With regard to the recent 25 basis points increase to the ECB rate, I have learned that Rabodirect, for example, are passing on just 15 basis points of this increase to their online savers. 

Is there any justification for not passing on the full increase to savers? Or is this just another example of a bank boosting it's profitability?

In contrast, the borrowing rates always seem to increase by the full amount of the ECB increase.


----------



## gearoidmm (23 Jun 2006)

It's their prerogative to do whatever they want with rates.  If you don't like it, you can always switch to another bank with a better rate.  That said, they are stil offering an interest rate over the ECB base rate.


----------



## summerhill (23 Jun 2006)

Of course they can do as they wish with the rate increase, but what I am asking is whether there is any explanation or logical reasoning behind a bank's decision not to pass on the full increase to savers?


----------



## kirian (23 Jun 2006)

Hello summerhill,

where did you get this info about Rabo passing on 15 basis points of the recent 25 basis points increase in the ECB rate?

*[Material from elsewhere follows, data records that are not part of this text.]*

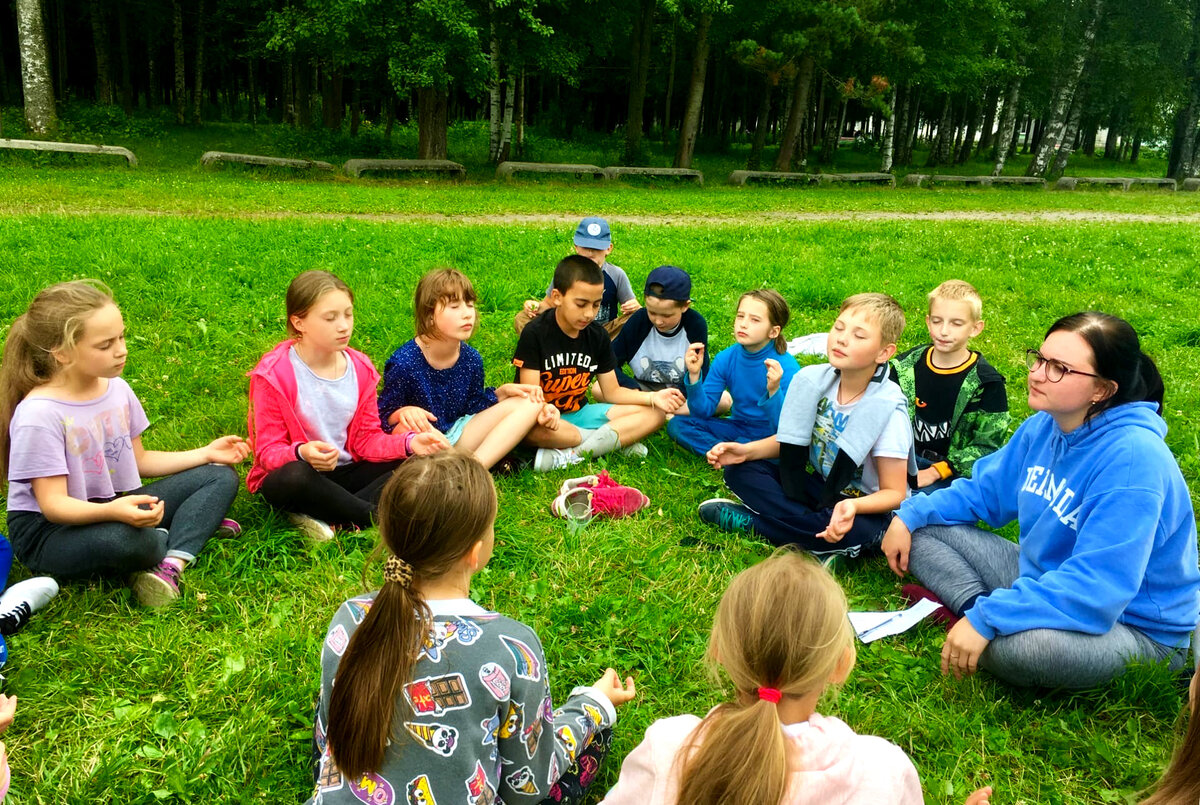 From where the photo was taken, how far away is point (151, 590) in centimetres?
355

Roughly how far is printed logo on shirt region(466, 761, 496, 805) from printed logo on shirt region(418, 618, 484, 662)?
0.32 m

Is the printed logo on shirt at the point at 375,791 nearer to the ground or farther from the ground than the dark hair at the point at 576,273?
nearer to the ground

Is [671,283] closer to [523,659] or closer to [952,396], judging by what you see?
[952,396]

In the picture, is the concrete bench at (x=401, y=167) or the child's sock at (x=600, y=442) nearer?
the child's sock at (x=600, y=442)

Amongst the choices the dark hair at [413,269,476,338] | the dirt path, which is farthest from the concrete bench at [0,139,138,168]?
the dark hair at [413,269,476,338]

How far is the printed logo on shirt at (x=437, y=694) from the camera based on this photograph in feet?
6.84

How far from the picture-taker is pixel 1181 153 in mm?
37344

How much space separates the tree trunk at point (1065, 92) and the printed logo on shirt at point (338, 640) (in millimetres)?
34026

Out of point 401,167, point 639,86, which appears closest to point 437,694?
point 401,167

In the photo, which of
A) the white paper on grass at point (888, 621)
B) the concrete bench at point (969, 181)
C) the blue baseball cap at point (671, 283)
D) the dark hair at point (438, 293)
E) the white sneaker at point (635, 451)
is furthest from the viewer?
the concrete bench at point (969, 181)

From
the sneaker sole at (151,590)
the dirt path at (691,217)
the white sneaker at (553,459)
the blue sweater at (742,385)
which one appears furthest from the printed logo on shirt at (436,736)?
the dirt path at (691,217)

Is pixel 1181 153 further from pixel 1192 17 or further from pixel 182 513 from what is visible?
pixel 182 513

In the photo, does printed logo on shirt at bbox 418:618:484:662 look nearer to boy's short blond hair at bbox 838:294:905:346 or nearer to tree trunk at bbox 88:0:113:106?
boy's short blond hair at bbox 838:294:905:346

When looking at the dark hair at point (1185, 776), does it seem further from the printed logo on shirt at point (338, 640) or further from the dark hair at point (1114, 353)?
the printed logo on shirt at point (338, 640) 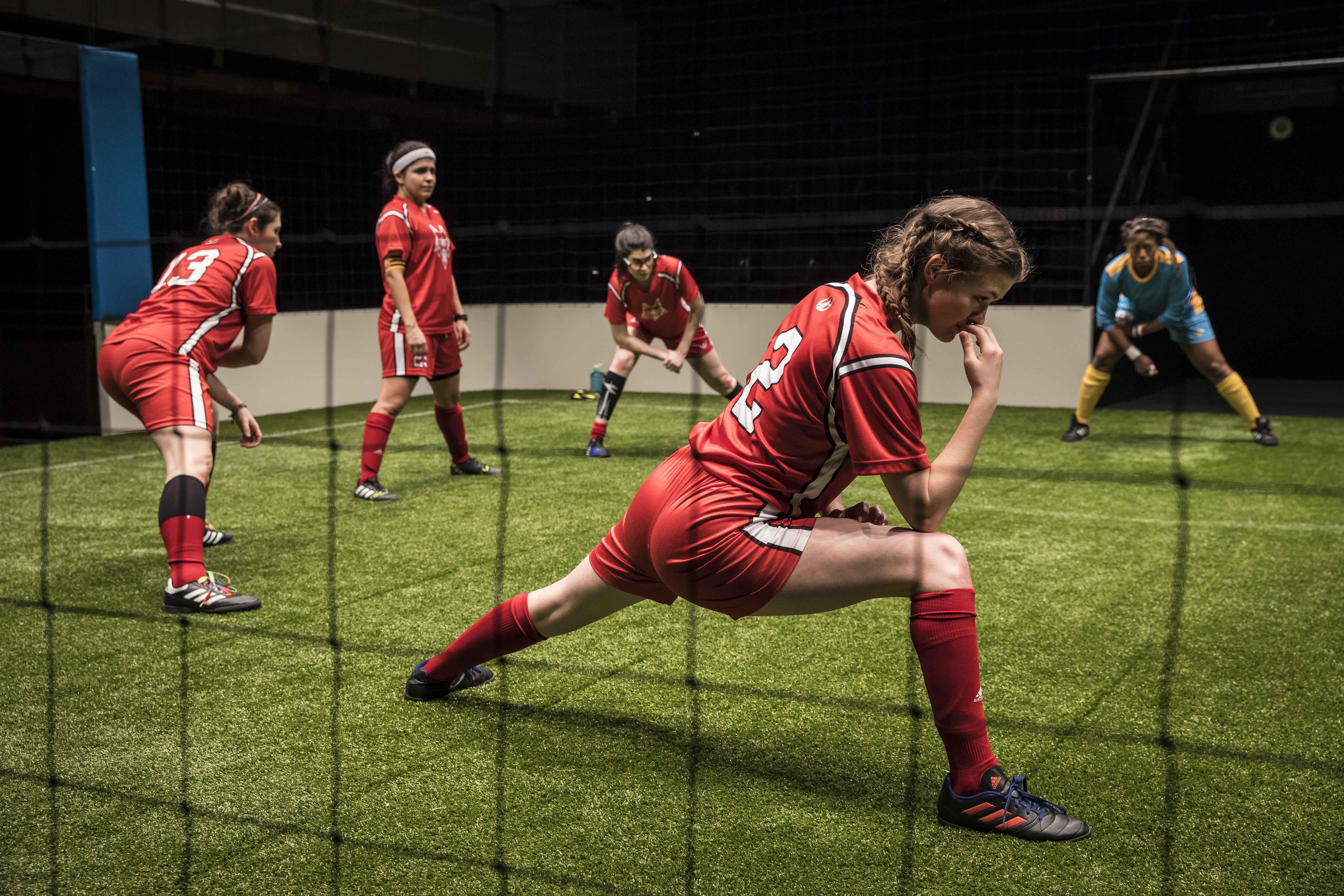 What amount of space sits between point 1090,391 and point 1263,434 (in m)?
1.00

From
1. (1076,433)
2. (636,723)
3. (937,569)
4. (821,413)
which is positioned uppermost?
(821,413)

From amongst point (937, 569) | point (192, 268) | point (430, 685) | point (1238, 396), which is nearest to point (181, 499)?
point (192, 268)

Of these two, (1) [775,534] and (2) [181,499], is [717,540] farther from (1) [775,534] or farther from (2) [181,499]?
(2) [181,499]

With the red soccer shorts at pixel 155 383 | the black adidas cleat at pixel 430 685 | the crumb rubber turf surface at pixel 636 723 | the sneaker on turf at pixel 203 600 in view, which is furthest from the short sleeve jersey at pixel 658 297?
the black adidas cleat at pixel 430 685

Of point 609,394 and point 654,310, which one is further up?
point 654,310

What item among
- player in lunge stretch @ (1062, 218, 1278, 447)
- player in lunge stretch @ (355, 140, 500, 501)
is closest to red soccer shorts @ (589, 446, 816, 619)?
player in lunge stretch @ (355, 140, 500, 501)

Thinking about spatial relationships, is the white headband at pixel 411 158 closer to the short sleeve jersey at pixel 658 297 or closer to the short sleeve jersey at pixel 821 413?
the short sleeve jersey at pixel 658 297

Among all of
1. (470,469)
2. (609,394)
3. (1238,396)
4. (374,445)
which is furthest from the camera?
(1238,396)

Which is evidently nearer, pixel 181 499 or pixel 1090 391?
pixel 181 499

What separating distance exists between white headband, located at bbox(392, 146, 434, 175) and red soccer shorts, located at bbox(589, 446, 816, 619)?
3149 mm

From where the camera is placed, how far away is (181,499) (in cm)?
321

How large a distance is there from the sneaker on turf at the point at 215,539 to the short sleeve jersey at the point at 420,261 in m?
1.18

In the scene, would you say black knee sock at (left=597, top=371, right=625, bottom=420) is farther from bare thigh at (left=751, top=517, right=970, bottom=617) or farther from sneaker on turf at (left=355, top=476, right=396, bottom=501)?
bare thigh at (left=751, top=517, right=970, bottom=617)

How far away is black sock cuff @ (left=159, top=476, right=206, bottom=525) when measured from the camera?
3.21 m
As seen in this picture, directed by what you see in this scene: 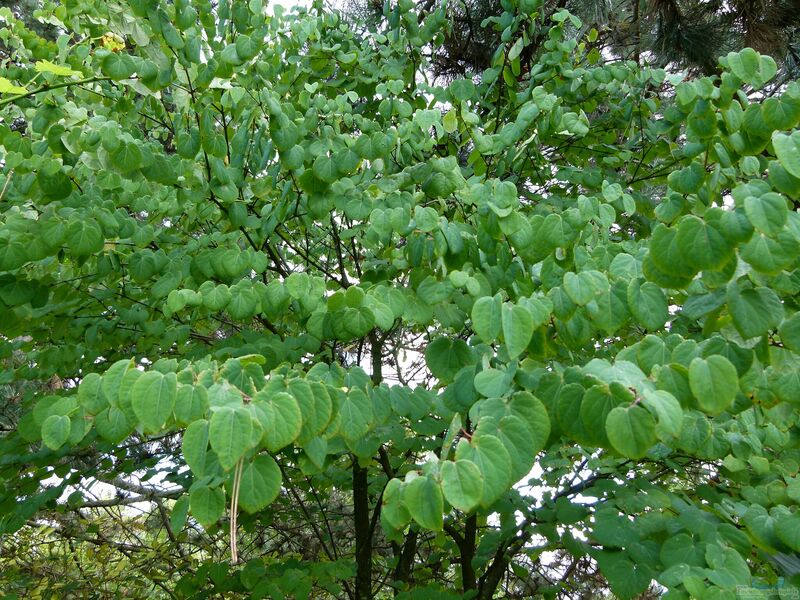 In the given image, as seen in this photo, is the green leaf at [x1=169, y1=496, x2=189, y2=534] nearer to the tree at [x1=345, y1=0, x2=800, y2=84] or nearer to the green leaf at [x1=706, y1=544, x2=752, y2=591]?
the green leaf at [x1=706, y1=544, x2=752, y2=591]

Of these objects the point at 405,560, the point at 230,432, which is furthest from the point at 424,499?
the point at 405,560

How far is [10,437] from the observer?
7.84 ft

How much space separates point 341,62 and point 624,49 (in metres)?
2.90

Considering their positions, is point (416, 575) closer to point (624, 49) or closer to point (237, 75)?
point (237, 75)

I emailed them last week I think and was told no decision had been made to increase the rabo rate and I see no sign of it on their website.


----------



## summerhill (23 Jun 2006)

Kirian, I am a customer of RaboDirect. I gave them a call yesterday and was advised that the above mentioned increase will be applied on Monday morning.


----------



## beattie (23 Jun 2006)

Northern Rock are only passing on 15bp as well, I believe this will be a trend going forward


----------



## ClubMan (23 Jun 2006)

summerhill said:
			
		

> what I am asking is whether there is any explanation or logical reasoning behind a bank's decision not to pass on the full increase to savers?





			
				summerhill said:
			
		

> Or is this just another example of a bank boosting it's profitability?


I think you have answered your own question. That's business.


----------



## Purple (24 Jun 2006)

summerhill said:
			
		

> Or is this just another example of a bank boosting it's profitability?


 Would you buy shares in a bank that didn't make a profit?


----------



## GreatDane (24 Jun 2006)

Regarding RaboDirect - best thing is to start writting to them / phoning / e-mailing them telling them you expect them to increase their rates, in line with recent ECB increases (same for all other institutions infact)....



			
				Purple said:
			
		

> Would you buy shares in a bank that didn't make a profit?


 

Would you put your savings in a mutual institution that did not pay a permium, above and beyond other savings accounts provided by banks owned by their shareholders ?  (EBS certainly think you should, based upon their shameful savings rates )


It's a case of move to the best deal, time & time again in this country, imho. Be it deposits, loans, credit cards etc etc

Cheers

G>


----------